Jules Gabriel Verne (8 February 1828 – 24 March 1905) was a French author who helped pioneer the science-fiction genre. He is best known for his novels A Journey to the Center of the Earth (1864), From the Earth to the Moon (1865), Twenty Thousand Leagues under the Sea (1869–1870), Around the World in Eighty Days (1873) and The Mysterious Island (1875). Verne wrote about space, air, and underwater travel before navigable aircraft and practical submarines were invented, and before any means of space travel had been devised. Consequently he is often referred to as the "Father of science fiction", along with H. G. Wells. Verne is the second most translated author of all time, only behind Agatha Christie, with 4223 translations, according to Index Translationum. Some of his works have been made into films.
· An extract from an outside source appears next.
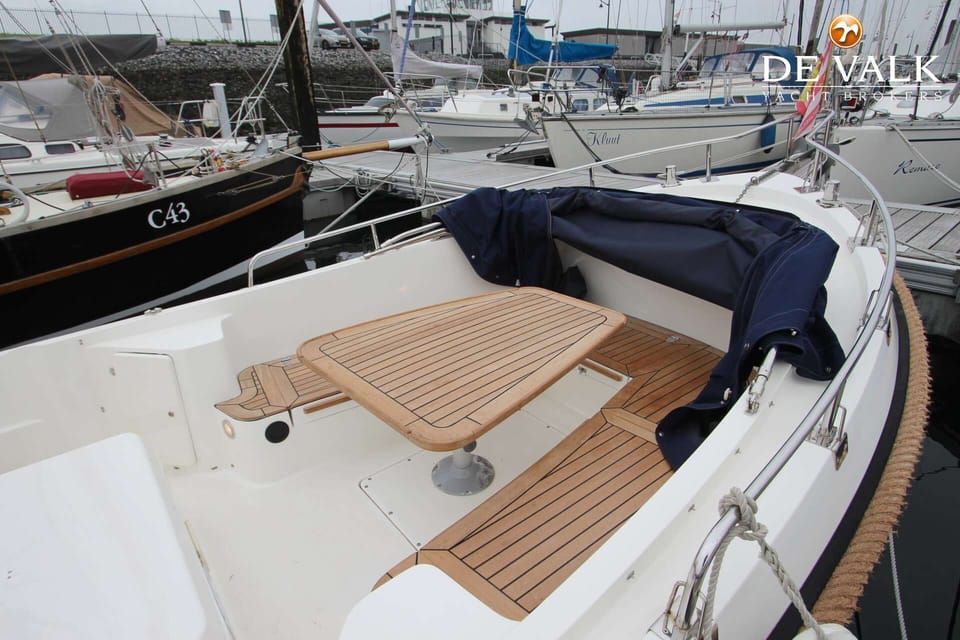 Bellus 750 (2004) – snelvarend en compact - Foto 18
He was born in the bustling harbor city of Nantes in Western France. The oldest of five children, he spent his early years at home with his parents. The family spent summers in a country house just outside the city, on the banks of the Loire River. Verne and his brother Paul, of whom Verne was very fond, would often rent a boat for a franc a day. The sight of the many ships navigating the river sparked Verne's imagination, as he describes in the autobiographical short story "Souvenirs d'Enfance et de Jeunesse". When Verne was nine, he and Paul were sent to boarding school at the Saint Donatien College (Petit séminaire de Saint-Donatien). As a child, he developed a great interest in travel and exploration, a passion he showed as a writer of adventure stories and science fiction. At twelve, he snuck onto a ship that was bound for India, the Coralie, only to be caught and severely whipped by his father. He famously stated, "I shall from now on only travel in my imagination."

At the boarding school, Verne studied Latin, which he used in his short story "Le Mariage de Monsieur Anselme des Tilleuls" in the mid 1850s. One of his teachers may have been the French inventor Brutus de Villeroi, professor of drawing and mathematics at Saint Donatien in 1842, and who later became famous for creating the U.S. Navy's first submarine, the U.S.S. Alligator. De Villeroi may have inspired Verne's conceptual design for the Nautilus in Twenty Thousand Leagues Under The Sea, although no direct exchanges between the two men have been recorded. At Nantes in 1835, when De Villeroi and a companion submerged for two hours in a ten foot submarine, Verne was seven years old. For years afterward, De Villeroi carried on submarine experiments in Nantes.